I think the poster meant to say You do not have to allocate everything on the heap rather than the the stack.
Basically, objects are allocated on the stack (if the object size allows, of course) because of the cheap cost of stack-allocation, rather than heap-based allocation which involves quite some work by the allocator, and adds verbosity because then you have to manage data allocated on the heap.
Two reasons:
It's unnecessary in this case. You're making your code needlessly more complicated.
It allocates space on the heap, and it means that you have to remember to delete it later, or it will cause a memory leak.
Many answers have gone into various performance considerations. I want to address the comment which puzzled OP:
Stop thinking like a Java programmer.
Indeed, in Java, as explained in the answer to this question,
You use the new keyword when an object is being explicitly created for the first time.
but in C++, objects of type T are created like so: T{} (or T{ctor_argument1,ctor_arg2} for a constructor with arguments). That's why usually you just have no reason to want to use new.
So, why is it ever used at all? Well, for two reasons:
You need to create many values the number of which is not known at compile time.
Due to limitations of the C++ implementation on common machines - to prevent a stack overflow by allocating too much space creating values the regular way.
Now, beyond what the comment you quoted implied, you should note that even those two cases above are covered well enough without you having to "resort" to using new yourself:
You can use container types from the standard libraries which can hold a runtime-variable number of elements (like std::vector).
You can use smart pointers, which give you a pointer similar to new, but ensure that memory gets released where the "pointer" goes out of scope.
and for this reason, it is an official item in the C++ community Coding Guidelines to avoid explicit new and delete: Guideline R.11.
The core reason is that objects on heap are always difficult to use and manage than simple values. Writing code that are easy to read and maintain is always the first priority of any serious programmer.
Another scenario is the library we are using provides value semantics and make dynamic allocation unnecessary. Std::string is a good example.
For object oriented code however, using a pointer - which means use new to create it beforehand - is a must. In order to simplify the complexity of resource management, we have dozens of tools to make it as simple as possible, such as smart pointers. The object based paradigm or generic paradigm assumes value semantics and requires less or no new, just as the posters elsewhere stated.

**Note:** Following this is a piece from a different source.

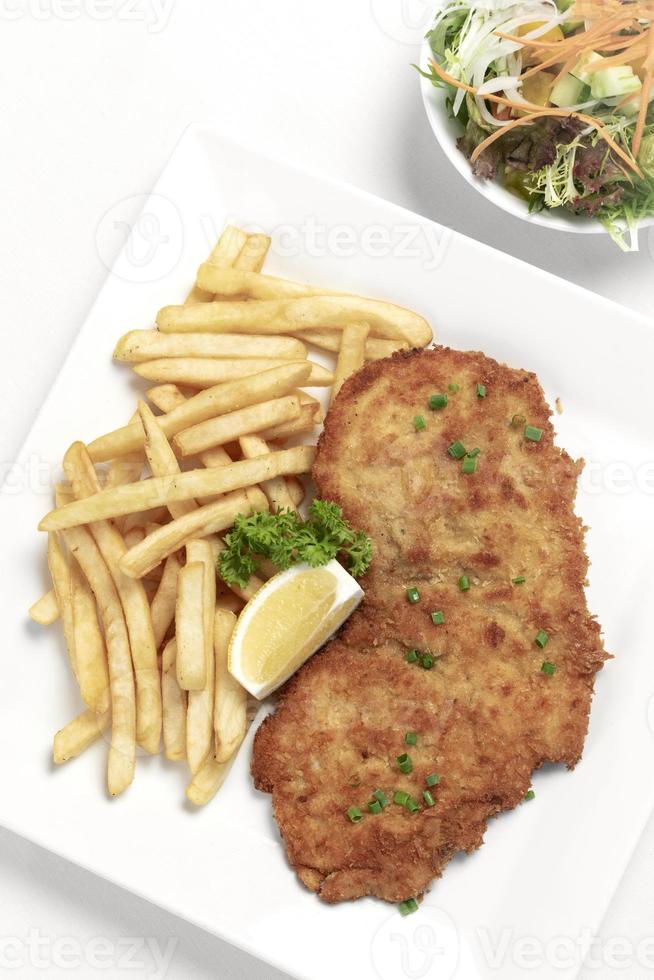 tyskbrödad fläskschnitzel med pommes frites på vit studiobakgrund foto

Traditional design patterns, especially those mentioned in GoF book, use new a lot, as they are typical OO code.
new is the new goto.
Recall why goto is so reviled: while it is a powerful, low-level tool for flow control, people often used it in unnecessarily complicated ways that made code difficult to follow. Furthermore, the most useful and easiest to read patterns were encoded in structured programming statements (e.g. for or while); the ultimate effect is that the code where goto is the appropriate way to is rather rare, if you are tempted to write goto, you're probably doing things badly (unless you really know what you're doing).
new is similar — it is often used to make things unnecessarily complicated and harder to read, and the most useful usage patterns can be encoded have been encoded into various classes. Furthermore, if you need to use any new usage patterns for which there aren't already standard classes, you can write your own classes that encode them!
I would even argue that new is worse than goto, due to the need to pair new and delete statements.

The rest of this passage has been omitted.